## INSTRUCTIONS FOR THE TASK
Repeat each line of the material below exactly as it appears, minus any pictures.

## MATERIAL PROVIDED
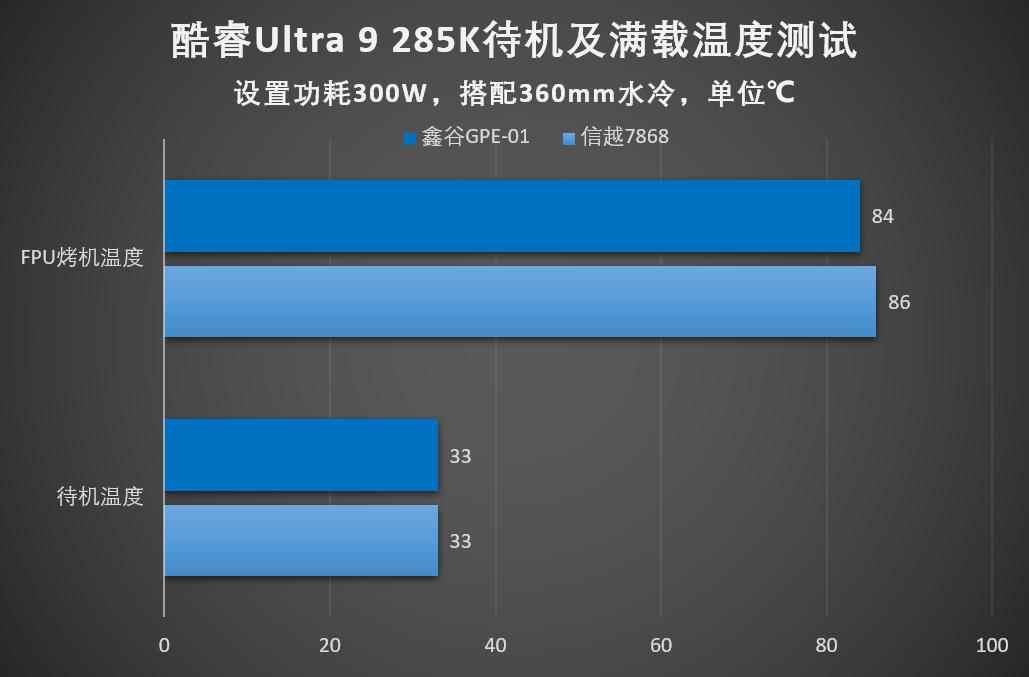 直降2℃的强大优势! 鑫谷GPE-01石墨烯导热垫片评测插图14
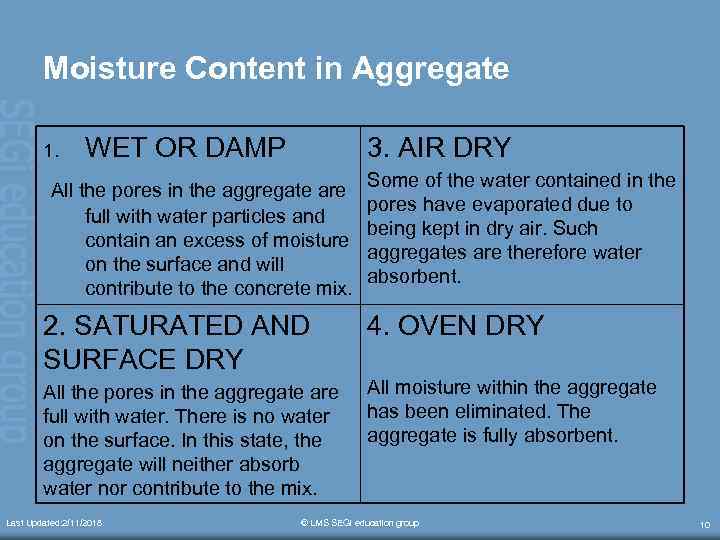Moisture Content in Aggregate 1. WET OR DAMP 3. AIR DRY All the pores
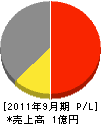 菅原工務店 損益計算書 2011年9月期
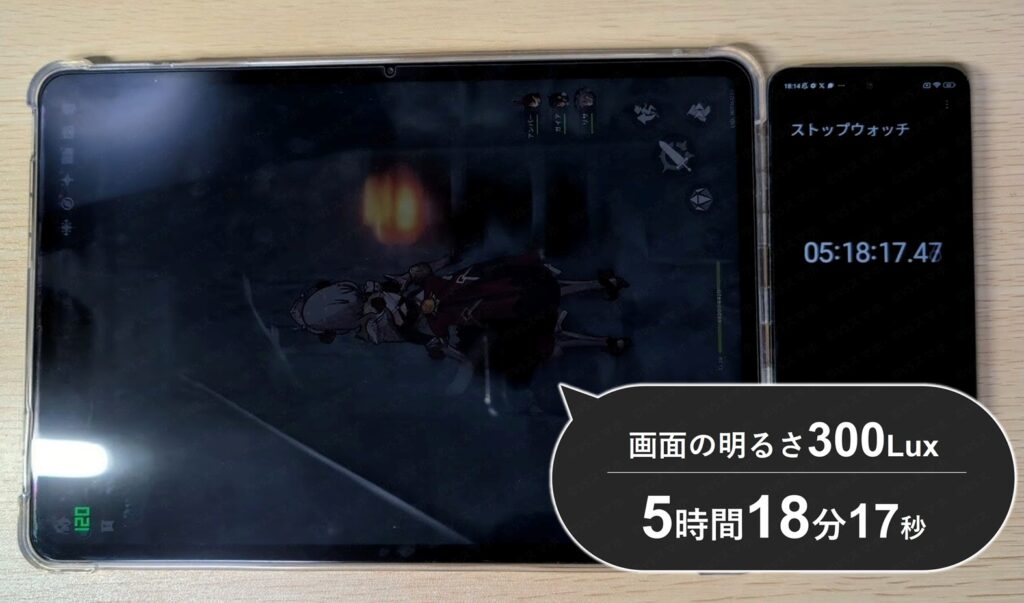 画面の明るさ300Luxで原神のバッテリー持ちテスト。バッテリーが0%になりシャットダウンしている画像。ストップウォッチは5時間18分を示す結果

## OUTPUT OF THE TASK
 直降2℃的强大优势! 鑫谷GPE-01石墨烯导热垫片评测插图14
Moisture Content in Aggregate 1. WET OR DAMP 3. AIR DRY All the pores
 菅原工務店 損益計算書 2011年9月期
 画面の明るさ300Luxで原神のバッテリー持ちテスト。バッテリーが0%になりシャットダウンしている画像。ストップウォッチは5時間18分を示す結果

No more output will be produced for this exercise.